Social Behavior and Cooperation Flashcards
(21 cards)
What is sociality?
Types of social interactions ranging from casual associations all the way to eusocial animals (an extreme example of animals living in a group and engaging in cooperative behavior).
How are social groups formed?
Social groups are formed when individuals are attracted by the presence of their conspecifics (Allee effect!).
Are social groups equal to group selection.
No! Social groups are the result of individual behavior/decisions based on optimizing their own fitness.
What are the benefits of joining a group?
1) Sociality leads to decreased predation risk.
- You can have multiple individuals keeping watch of predators.
- You’ll have the benefit of the dilution effect or the confusion effect.
2) Sociality can lead to increased foraging efficiency.
3) Protection from conspecifics
4) Thermal advantages
5) Locomotory advantages
6) Increased mate location efficiency
7) Division of labor
8) Communal care of offspring
What are the costs of joining a group?
1) Sociality can increase competition for resources and mates.
2) Sociality can increase the transmission of parasites/disease.
3) Conspicuousness to predators
4) Inbreeding
5) Cuckoldry/EPCs
6) Misdirected parental care
7) Infanticide/cannibalism
What kind of hormones may affect sociality in some species?

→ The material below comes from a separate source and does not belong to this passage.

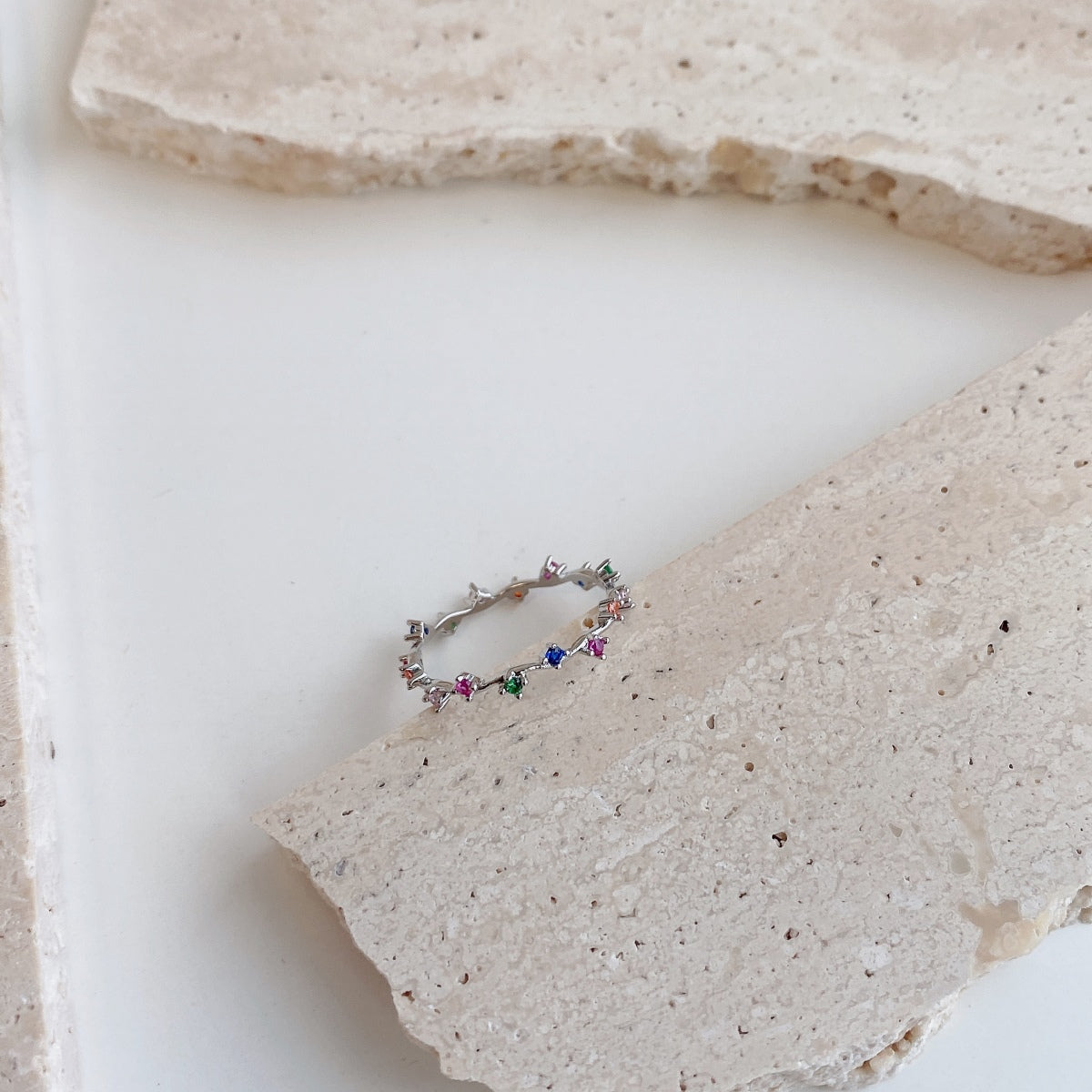 Angela Jewelry] Strahlend bunter Rundschliff-Tagesring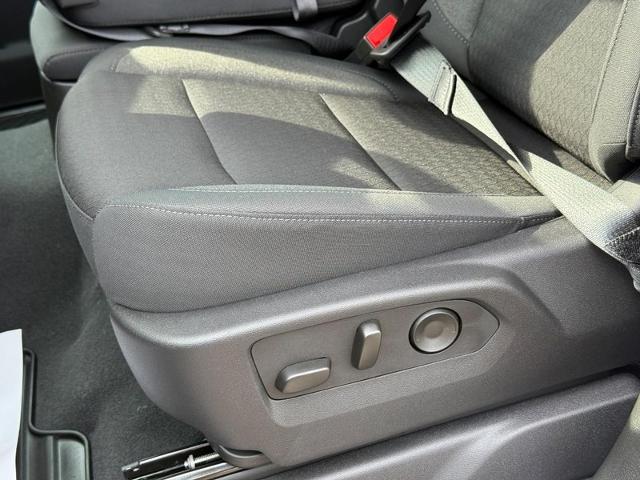 2025 GMC Sierra 1500 Vehicle Photo in COLUMBIA, MO 65203-3903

Pituitary hormones such as vasotocin and oxytocin
Behaviors that involve interactions between individuals can be categorized by the effects on…

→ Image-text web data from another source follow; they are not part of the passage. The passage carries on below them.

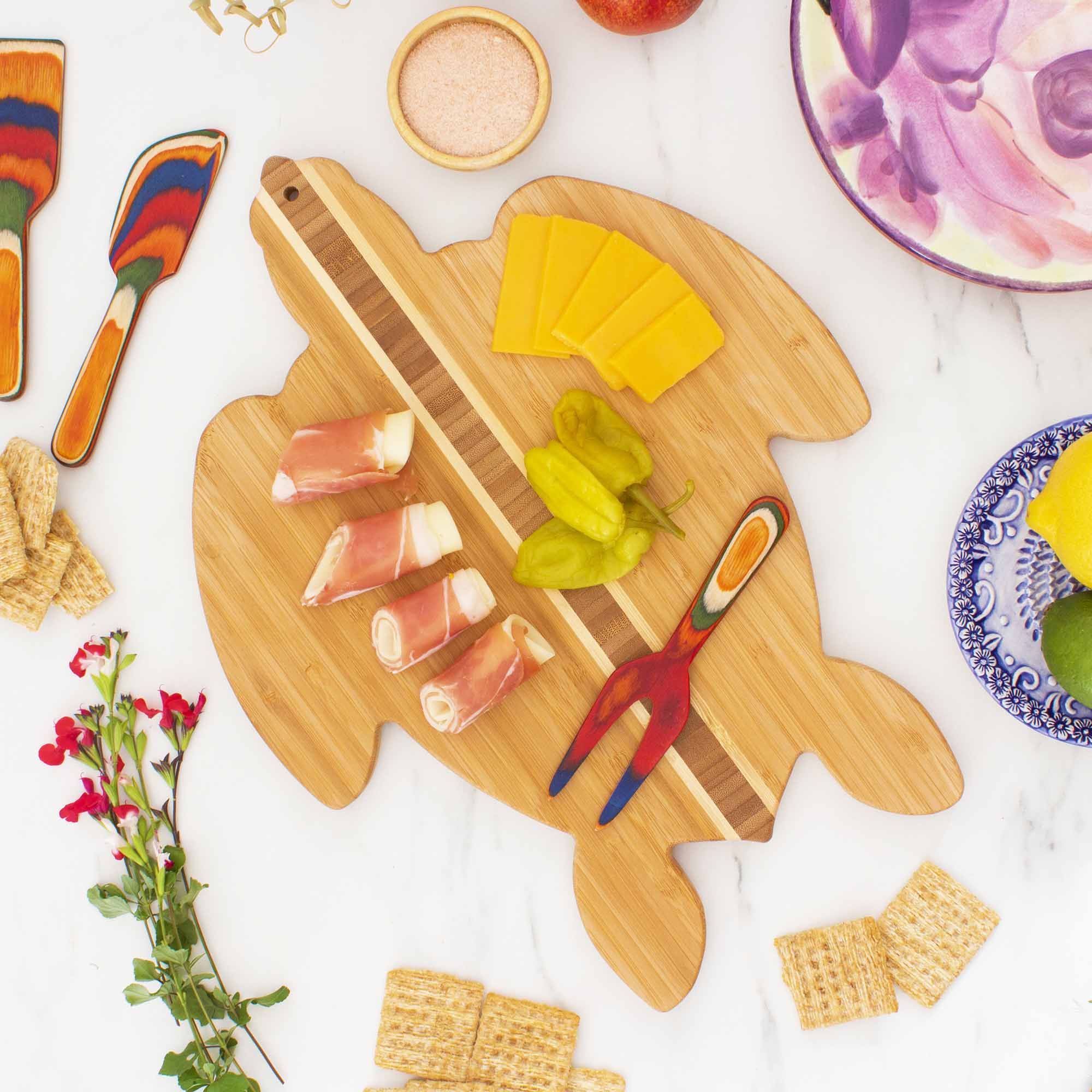 Sea Turtle Shaped Bamboo Cutting Board - 14.875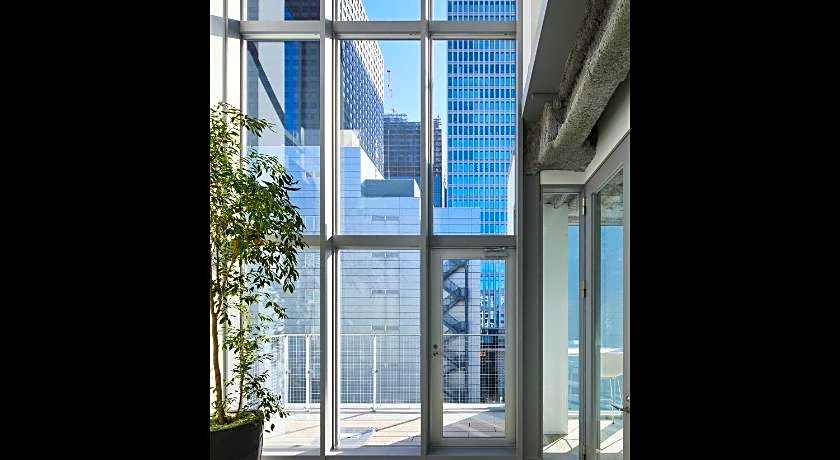 9h nine hours Hamamatsucho 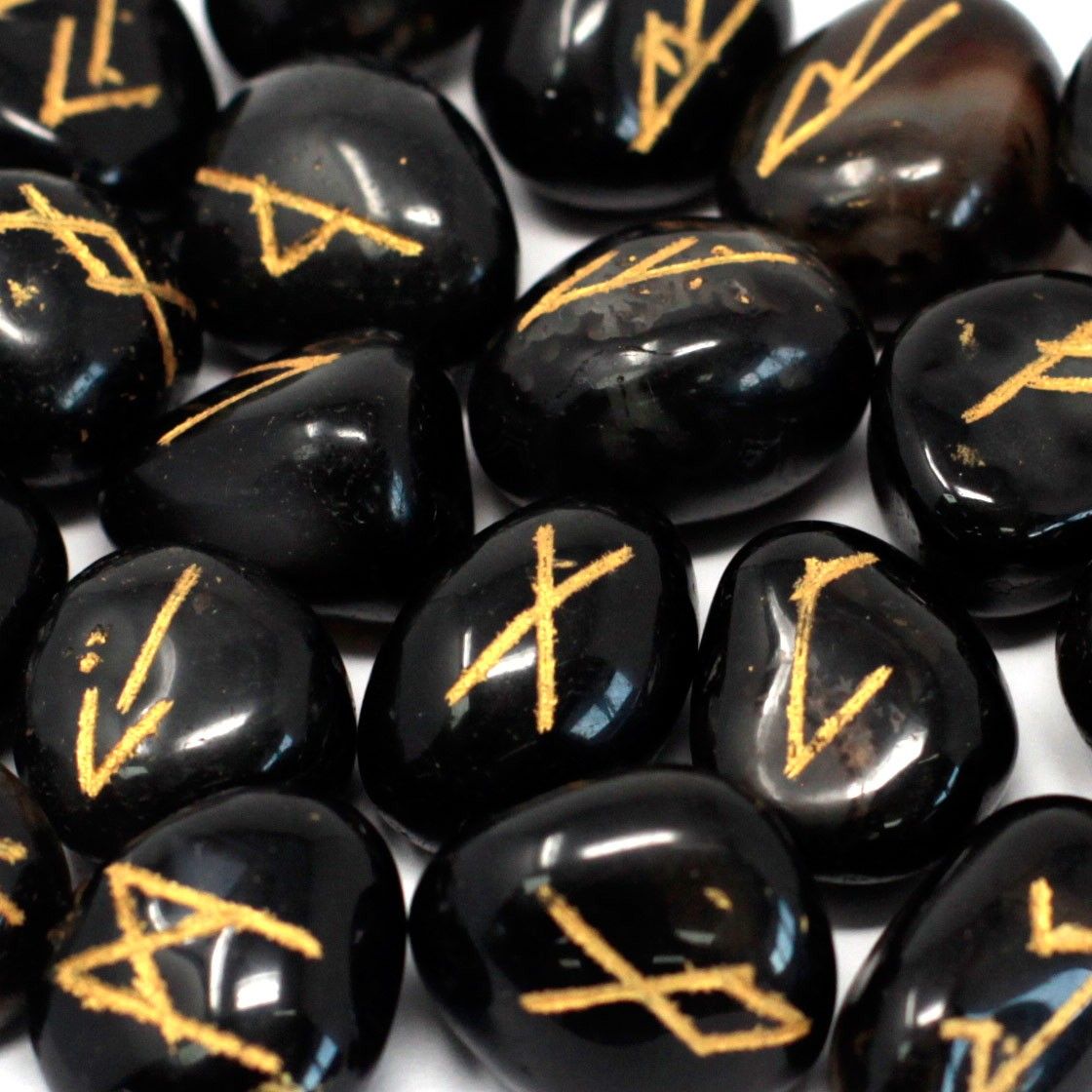 Runes Stone Set in Pouch - Black Onyx 🇬🇧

…the actor’s and recipient’s fitness.
What is an actor? What is a recipient?
Actor = Doing the behavior
Recipient = other individual engaged in the interaction
True or False: Each behavior can either increase or decrease the actor’s fitness and potentially increase or decrease the recipient’s fitness.
True
What is selfishness in terms of the actor and recipient?
Benefits the actor & comes with a cost to the recipient
What is spite in terms of the actor and recipient?
Decreases the actor’s fitness and the recipient’s fitness.
- Unsurprisingly rare
What is altruism in terms of the actor and recipient?
Decreases the actor’s fitness but increases the recipient’s fitness.
- This is surprisingly common
What is mutualism/cooperation in terms of the actor and recipient?
Benefits both the actor and the recipient’s fitness.
- This is a good thing because it increases both individuals, but the problem is that it is subject to cheaters
What is the cooperator strategy?
Everyone spends some time watching while others feed.
What is the Defector (Cheater) Strategy?
Feed all the time and let others be vigilant
Being a ____________ is evolutionarily stable, while being a ______________ is not evolutionarily stable.
Defector, Cooperator
________________are vulnerable to cheaters.
Cooperators
What is tragedy of the commons?
Doing something right but ends up with getting something worse.
How can we overcome the Tragedy of the Commons?
Change the costs and benefits of cooperating vs defecting (cheating)!
- One way to do this is known as the Boomerang Effect.
- Another way is social enforcement of Cooperation
What is the boomerang effect?
Defector (cheater) pays a higher individual cost for cheating
- Cooperator: Occasionally feed your neighbor’s kids, too
- Defector: Only feed your own
What is “social enforcement of cooperation?”
Punishment for cheating (higher cost).